Comments of George van Houts – theatre maker and activist

George van Houts is a well-known Dutch writer of successful plays, among others on banking and money. He is also one of the driving forces behind the Dutch Foundation Ons Geld (translation: Our Money) and the Burgerinitiatief Ons Geld (translation: Citizens Initiative Our Money), a successful public effort to get the issue of our monetary system and possible alternatives on the agenda of the Second Chamber of Parliament.

This is what Mr. Van Houts said about the booklet Ons Geld: What an excellent and well written booklet! However, one aspect of our story is not addressed: interest. How do we handle that?

The author of the booklet reacted as follows:

The booklet discusses interest rates mainly in terms of the need for growth (to repay debt and interest), an unavoidable consequence of money creation by private, profit-oriented banks. An obligation that would disappear in a system based on public money creation, in which part of the money created can be made available interest-free to the State for, for example, investment in the transition to an ecologically sustainable economy and society.

The booklet does not clearly state whether companies, citizens and the government should still pay interest on loans. There is not much on this topic in the documentation of Positive Money and other sources. However, it may be assumed that interest rates will remain linked to credit, especially if extended by profit-oriented organizations such as private banks or, for example, cooperatives. After all, lending and loan management carry a cost. The interest rate may be expected to cover at the very least the cots of extending and managing the loans.

The question is whether we should continue with private banking. The booklet argues for a public banking system, possibly next to private banks, but without the latter having the right, as now, to create money by providing loans. More information on public vs. private banking here (SUB-PAGE 6.7: BANKING: PUBLIC OR PRIVATE). On the other hand, providing credit implies charging interest which implies the need for growth – something we have to get away from, considering our resources are finite.

Public money creation would allow providing interest-free loans for socially useful investments, for example to private companies that build green infrastructure. At the same time interest could be charged on loans for less useful and non-sustainable items – the less environmentally sustainable, the higher the interest. This aspect needs further elaboration.

Comments of Reinold Widemann – economics professor (retired) and author

An extensive comment by retired economics professor Reinold Widemann, who authored several publications on money and banking, and an extensive response by the author of Our Money can be found here. His comments are of interest as they may be assumed to be fairly representative of the mainstream economic response to the book.

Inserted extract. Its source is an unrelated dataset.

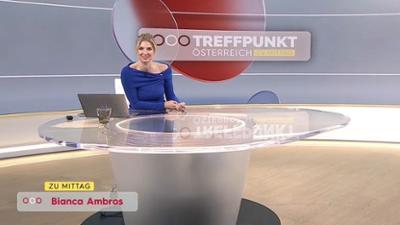 Treffpunkt Österreich: zu Mittag vom 09.10.2026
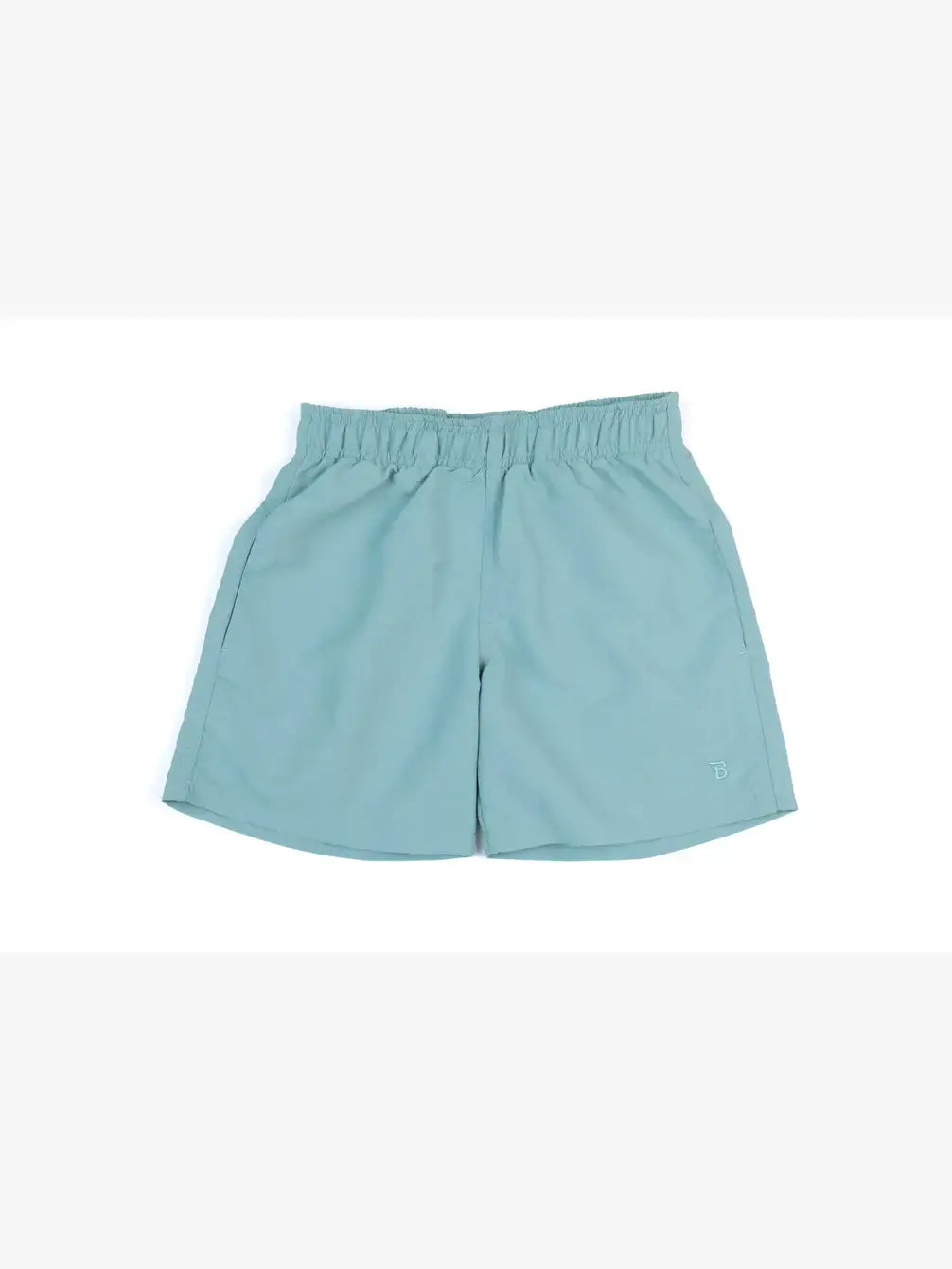 Babiators - UPF 50+ Baby and Kids Water Shorts (Award Winning): Pink Paradise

Mr. Widemann’s comments are critical, especially as far as increasing the role of government in money creation and money management is concerned. However, the fact that he has read the book and has provided an extensive commentary is positive and indicates the willingness to both discuss and consider alternatives to the current monetary system. Nonetheless public money creation as suggested in the booklet Our Money, by the Foundation Our Money and by the initiators of the Citizens’ Initiative is anathema, in the sense that Mr. Widemann’s commentary can be seen as typical of benevolent economists and those who consider themselves economically literate. Very briefly summarized it comes down to three beliefs which are presented below in italics and then, also very briefly, refuted in normal print.

  1. Government cannot be trusted to manage the money supply reliably: it lacks the expertise, and politicians will abuse the privilege, as history shows. This viewpoint ignores the current existence and role of central banks, which have an important role in managing the money supply, operate independently from politicians, and are generally well regarded even by economists. And it is historically false: thorough analysis has shown that in modern history major financial crises were mostly caused by the private sector, not by governments.
  2. The market is the only entity that can reliably balance the money supply with supply and demand and thus determine the economy’s need for money. This conveniently ignores the excessive creation of money through disproportionate debt creation that started in the 1990s. Most of the newly created money ended up in financial markets to be used for speculation, leading to various financial crises – lastly in 2007-2008. Likewise, since 2010 the basis is being laid for the next financial and economic crisis.
  3. Therefore there is not only no need to change the monetary system; it is also highly risky to do so and should therefore be avoided. This belief ignores the various financial and economic crises caused by the financial sector, in particular banks, since the 1990s. And it ignores the present risk of a new crisis occurring. A crisis that is likely to be even greater than the 2007 one – with governments less able to address the consequences by bailing out the banks once more.